Second gentleman Doug Emhoff made history as the first Jewish spouse of a president or vice president, finding his voice in the aftermath of the October 7, 2023, Hamas attack on Israel as he sought to speak out against rising antisemitism. During the presidential transition, Emhoff and Vance — both of whom left legal careers to support their spouses as vice president — spoke by phone for about 45 minutes.
Vance will also have to navigate the “unnatural, natural relationship” between first and second ladies, according to Kate Bennett, a former CNN journalist and author who has chronicled America’s first families.
“Presidents and vice presidents and first and second ladies are going to naturally be put together as a foursome — but it’s completely unnatural. The two spouses are different people with different backgrounds, and in some cases, don’t like each other,” Bennett said.
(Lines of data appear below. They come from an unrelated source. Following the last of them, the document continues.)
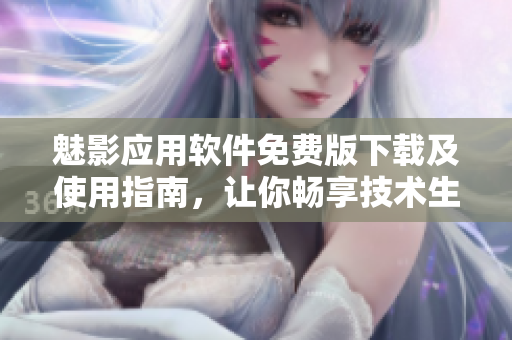 魅影應(yīng)用軟件免費版下載及使用指南，讓你暢享技術(shù)生活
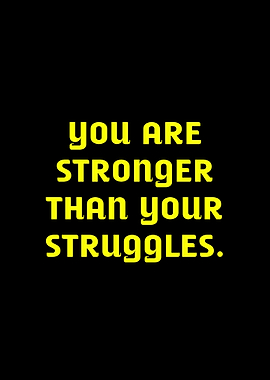 Motivational Quote: Stronger Than Struggles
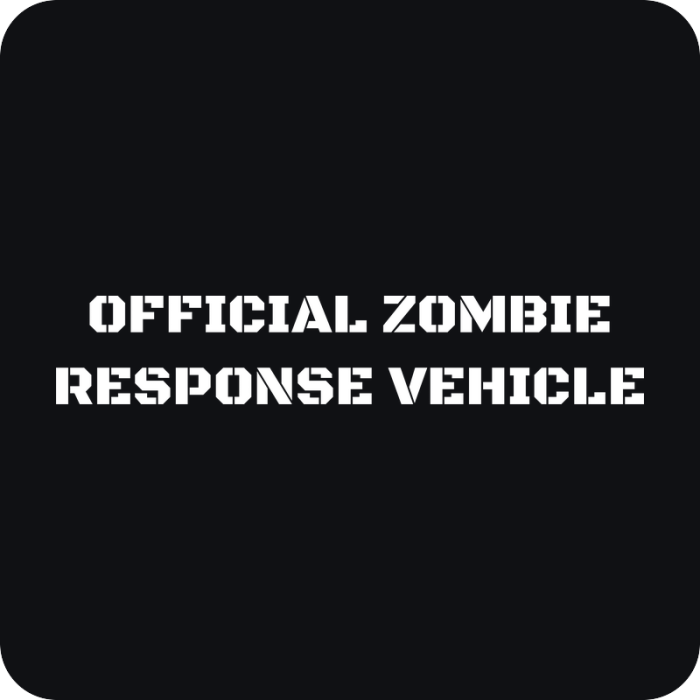 Nálepka Official Zombie Response Vehicle - rezaná nálepka na auto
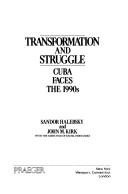 Cover of: Transformation and Struggle: Cuba Faces the 1990s
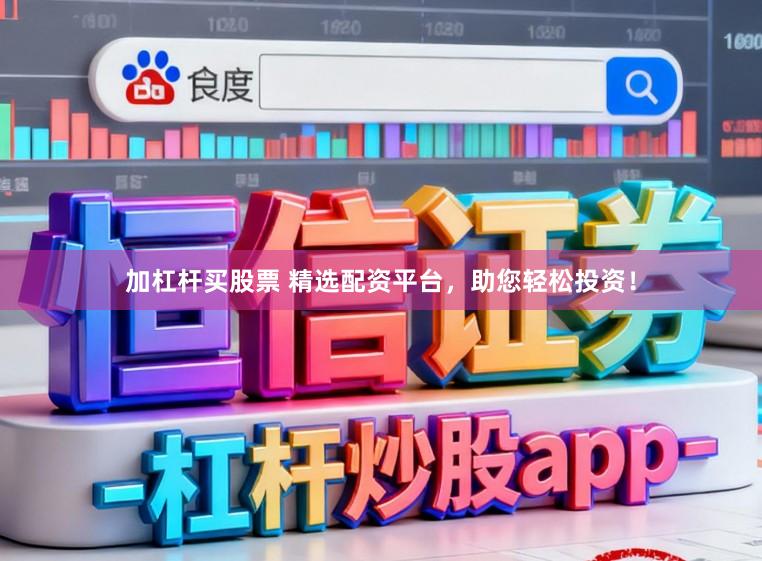 加杠杆买股票 精选配资平台，助您轻松投资！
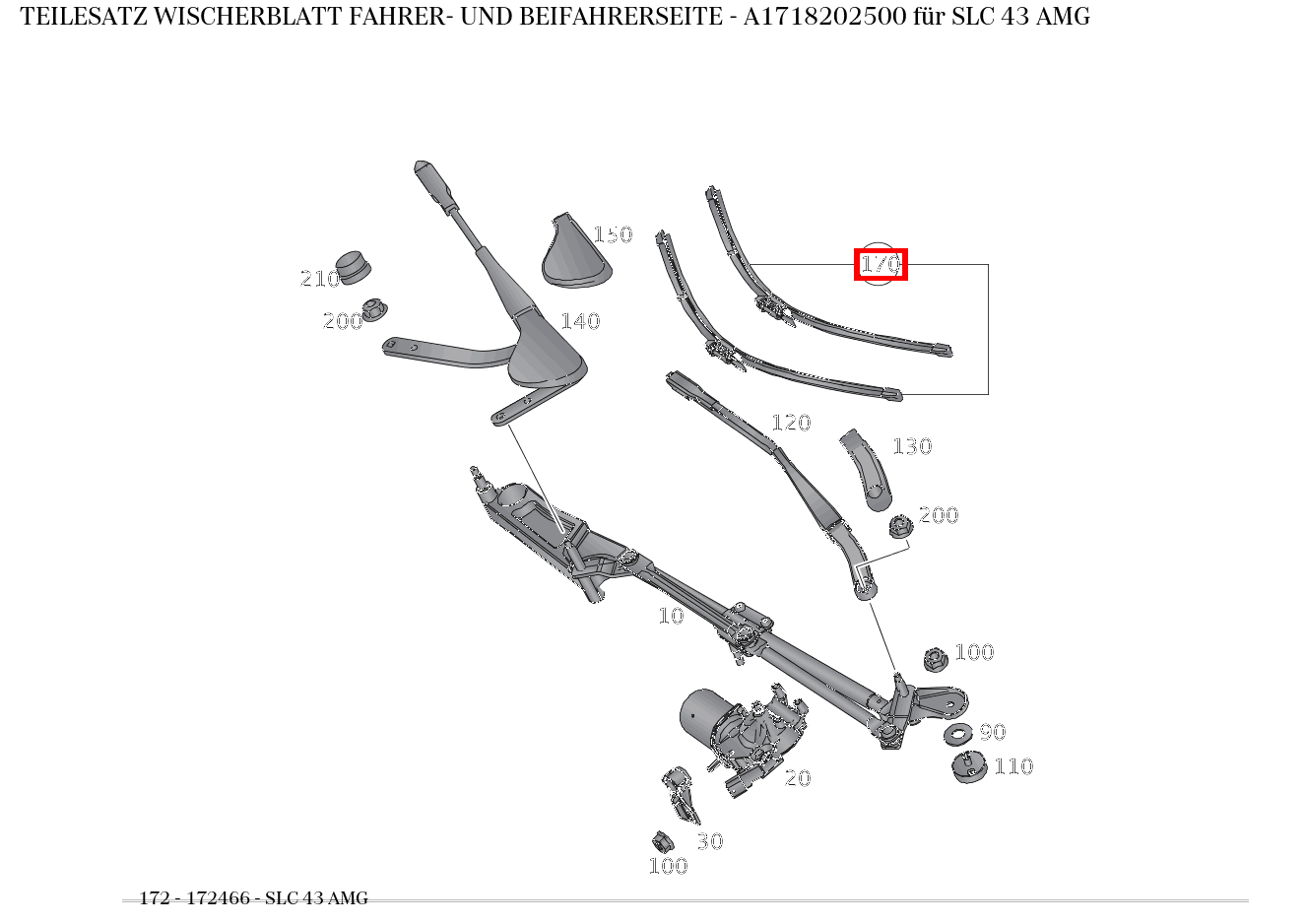 Teilesatz Wischerblatt FAHRER- UND BEIFAHRERSEITE SLC 43 AMG 172 Teilesatz Wischerblatt FAHRER- UND BEIFAHRERSEITE SLC 43 AMG 172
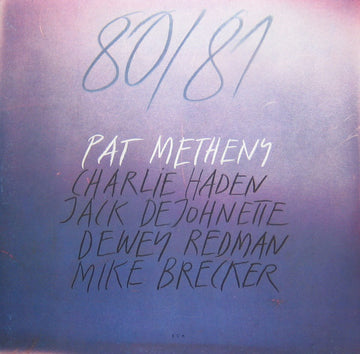 Pat Metheny, Charlie Haden, Jack DeJohnette, Dewey Redman, Mike Brecker* : 80/81 (2xLP, Album) Vinly Record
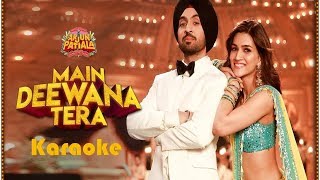 Download lagu main deewana tera karaoke|Lyrical mp3 Download lagu main deewana tera karaoke|Lyrical mp3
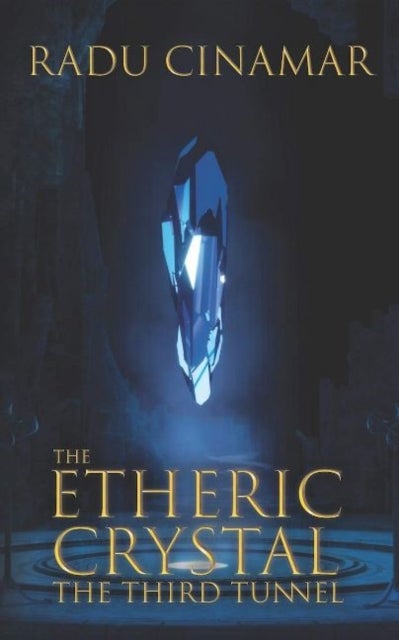 The Etheric Crystal - The Third Tunnel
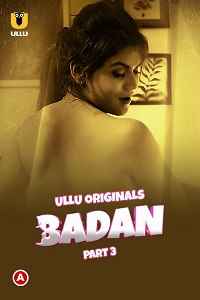 Download [18+] Badan (2023) S01 Part 3 Hindi ULLU Originals Complete WEB Series 720p | 1080p WEB-DL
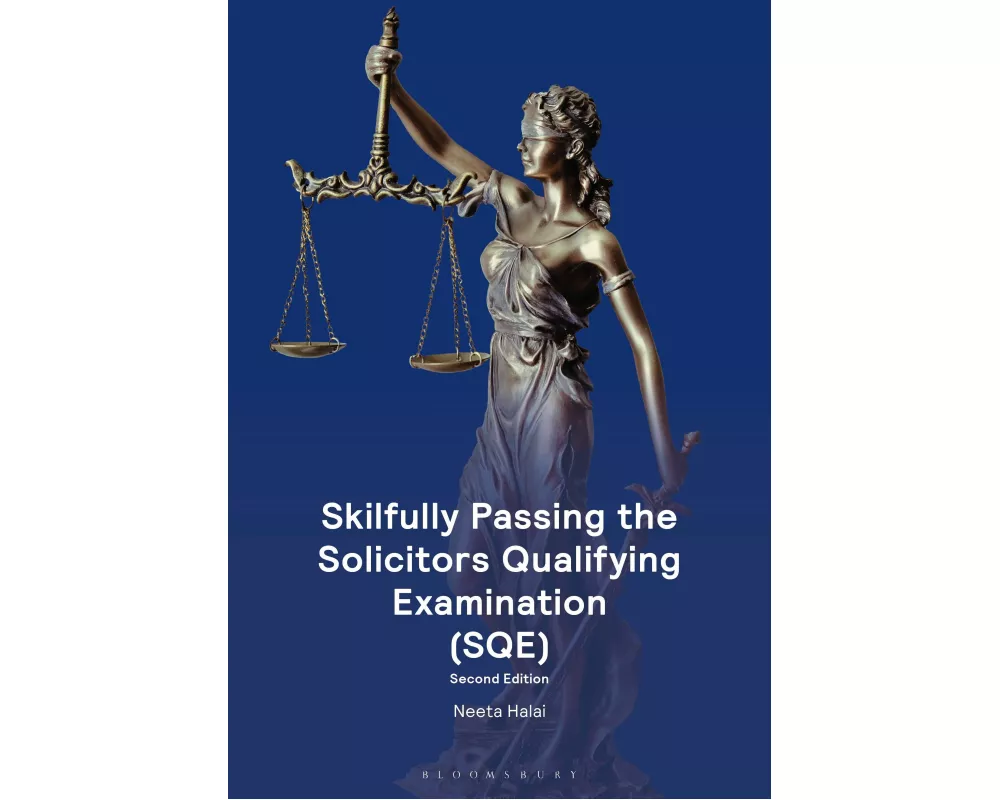 Skilfully Passing the Solicitors Qualifying Examination (SQE)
That was the case for Karen Pence and Melania Trump, Bennett reported in her 2019 biography of the first lady, “Free, Melania.”
“Karen Pence and Melania Trump never really got off on the right foot and stayed that way,” Bennett said.
The difficult dynamic between the two was on display as they traveled together. Pence was not invited to sit in the first lady’s cabin on her plane, seated instead with staff. And more recently, four years after Donald Trump’s supporters called for Mike Pence to be hanged at the US Capitol, Karen Pence kept her head down as both Trumps arrived at the funeral of former President Jimmy Carter, declining to exchange pleasantries.
Vance, Bennett said, “is very different from Melania Trump in terms of background, career and stage of life. It’s going to be interesting to watch how they work together.”